**Directions for this task:**
With the pictures left out, write out exactly the lines of the listing below that run from the line with "Levi’s Straight Leg Jeans" through the line with "リュミエリーナ ヘアビューロン 4D Plus ストレート ヘアアイロン".

**Data for this exercise:**

------------------------------------------------

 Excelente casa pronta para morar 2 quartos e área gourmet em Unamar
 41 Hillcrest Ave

------------------------------------------------

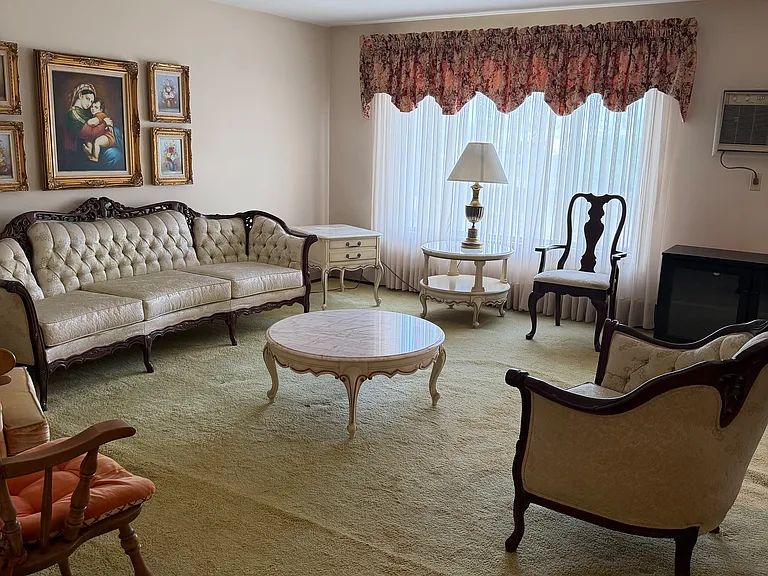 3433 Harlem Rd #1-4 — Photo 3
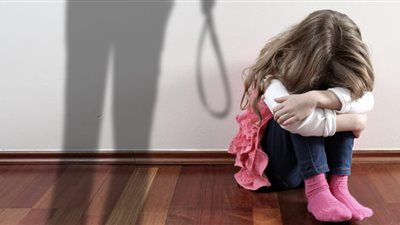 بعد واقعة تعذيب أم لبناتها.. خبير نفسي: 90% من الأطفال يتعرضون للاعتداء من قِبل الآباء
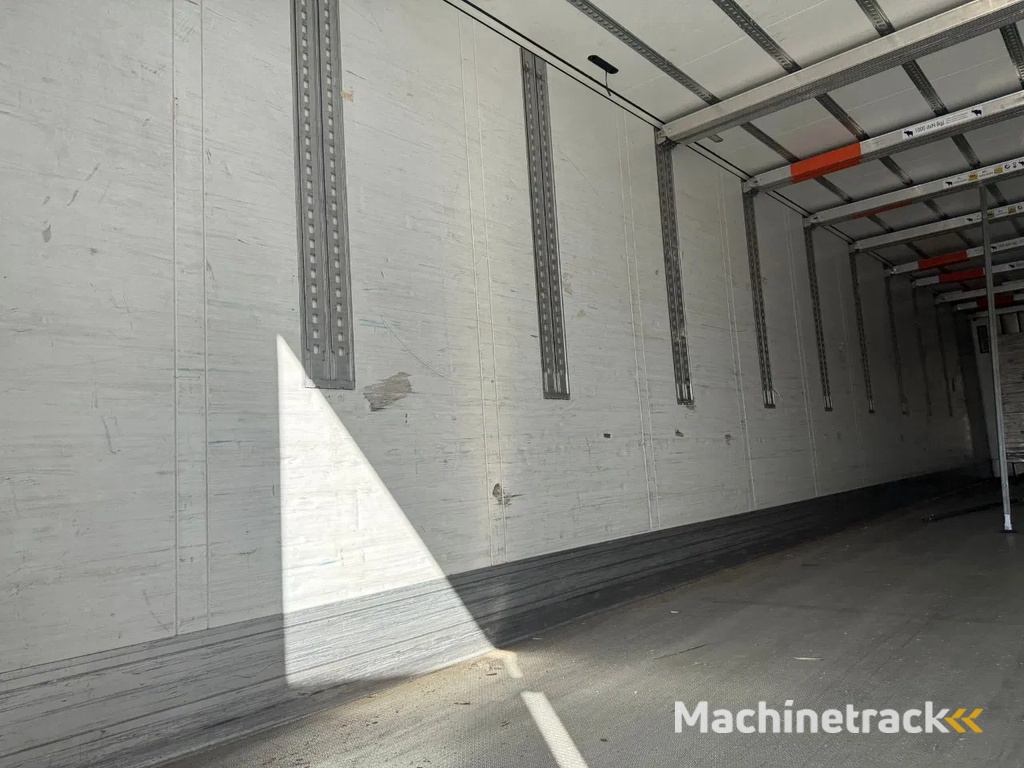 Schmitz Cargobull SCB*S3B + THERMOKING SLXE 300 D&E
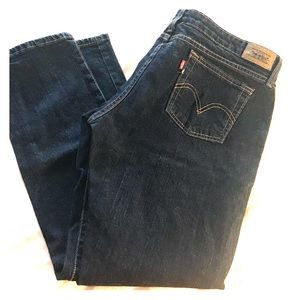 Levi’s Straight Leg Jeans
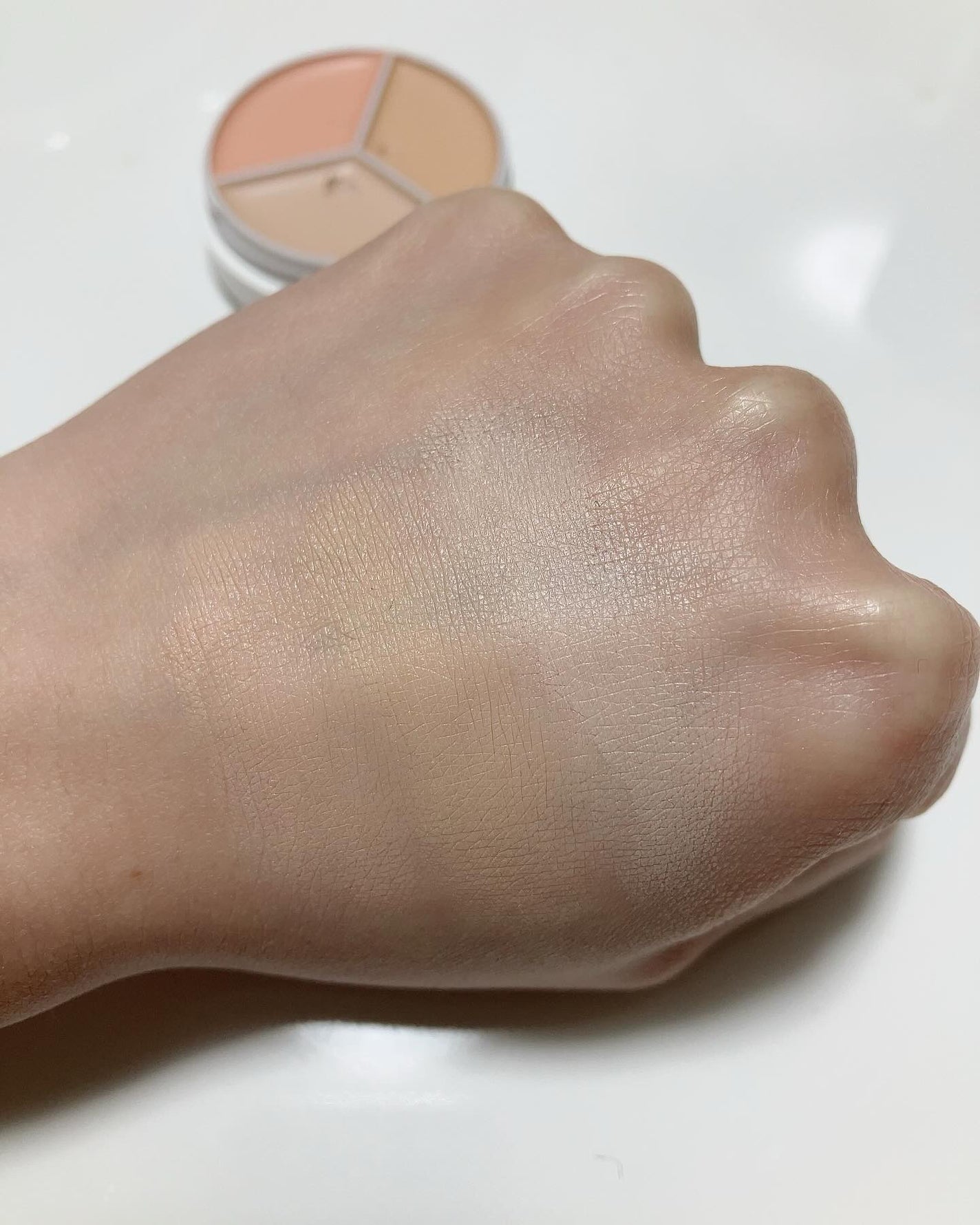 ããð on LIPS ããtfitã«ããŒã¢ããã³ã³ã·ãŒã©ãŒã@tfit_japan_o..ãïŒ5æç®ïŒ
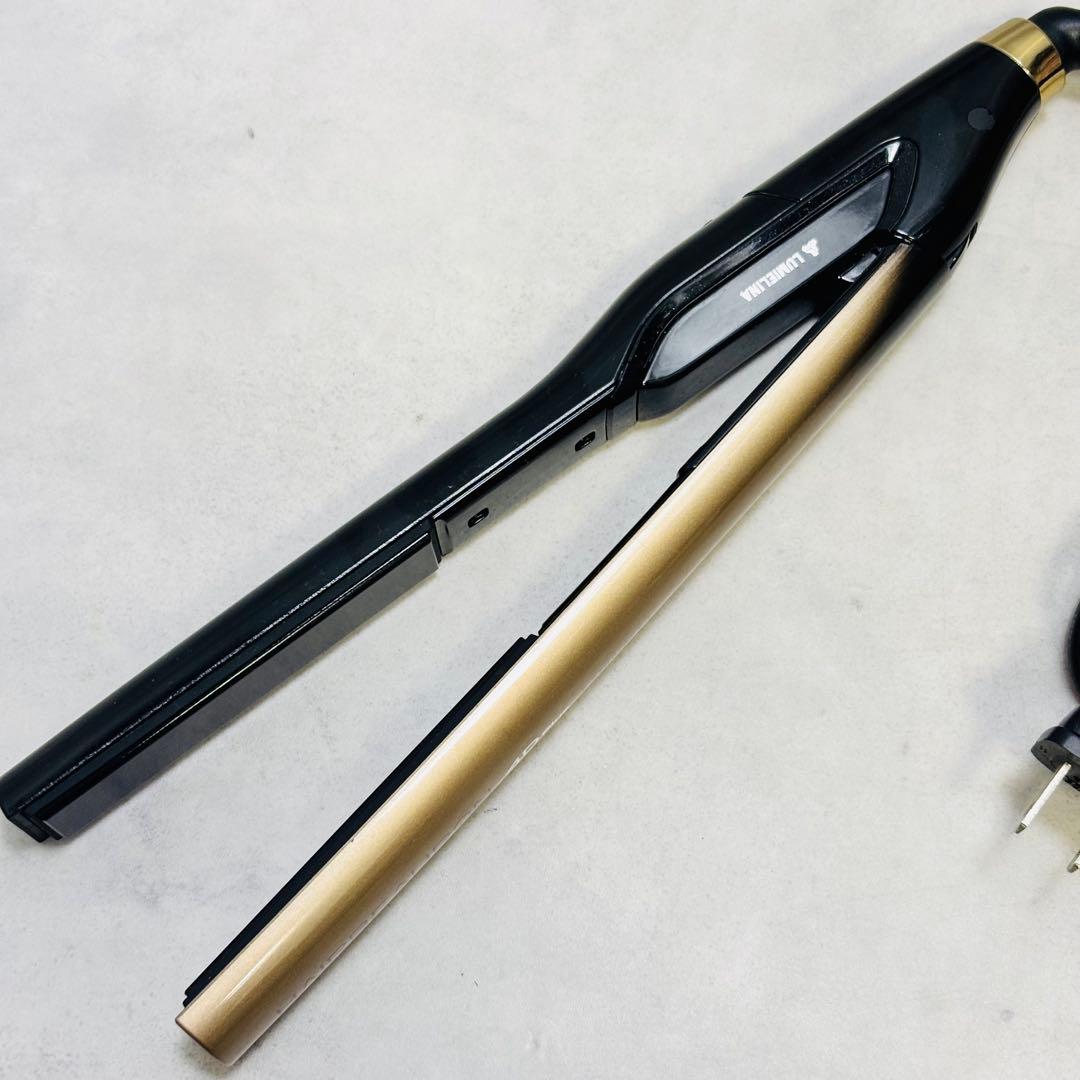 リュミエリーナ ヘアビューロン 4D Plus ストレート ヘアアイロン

------------------------------------------------

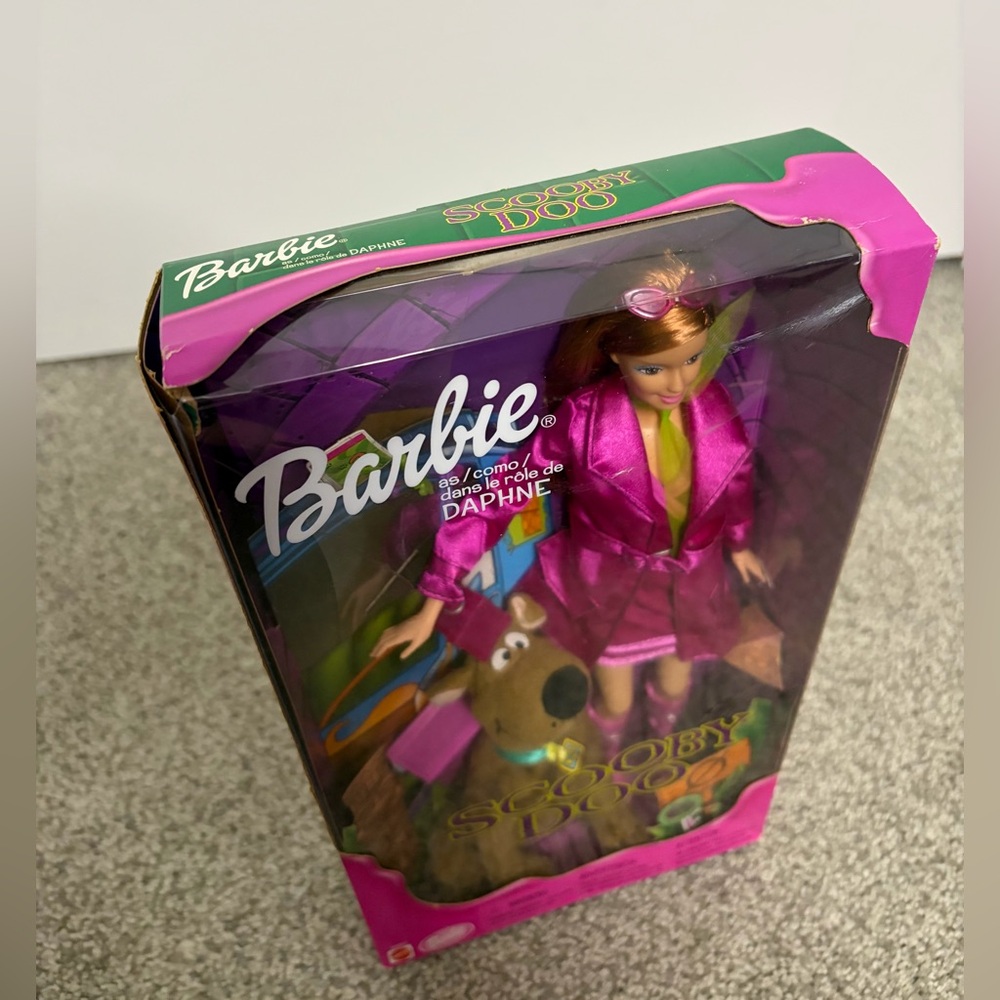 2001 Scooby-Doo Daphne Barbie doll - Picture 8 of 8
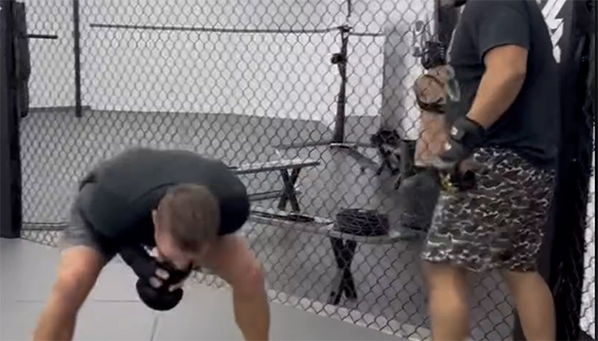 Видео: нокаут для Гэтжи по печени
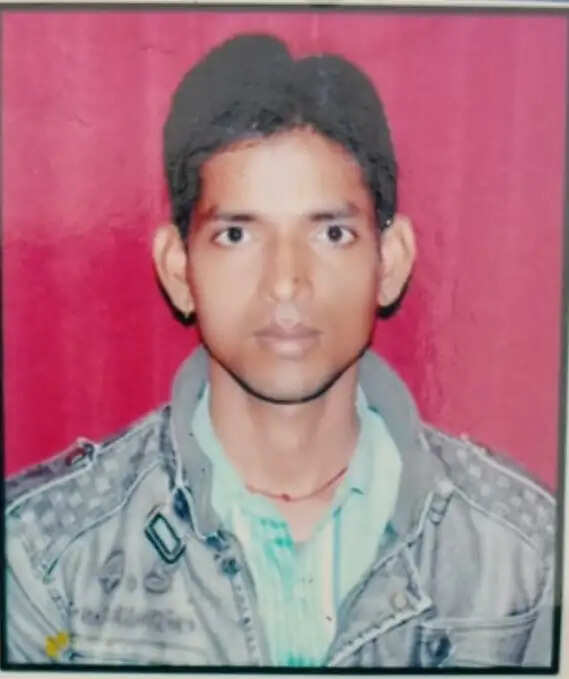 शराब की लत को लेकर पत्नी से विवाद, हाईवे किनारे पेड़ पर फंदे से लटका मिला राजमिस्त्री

------------------------------------------------

**Reply to the task:**
 Levi’s Straight Leg Jeans
 ããð on LIPS ããtfitã«ããŒã¢ããã³ã³ã·ãŒã©ãŒã@tfit_japan_o..ãïŒ5æç®ïŒ
 リュミエリーナ ヘアビューロン 4D Plus ストレート ヘアアイロン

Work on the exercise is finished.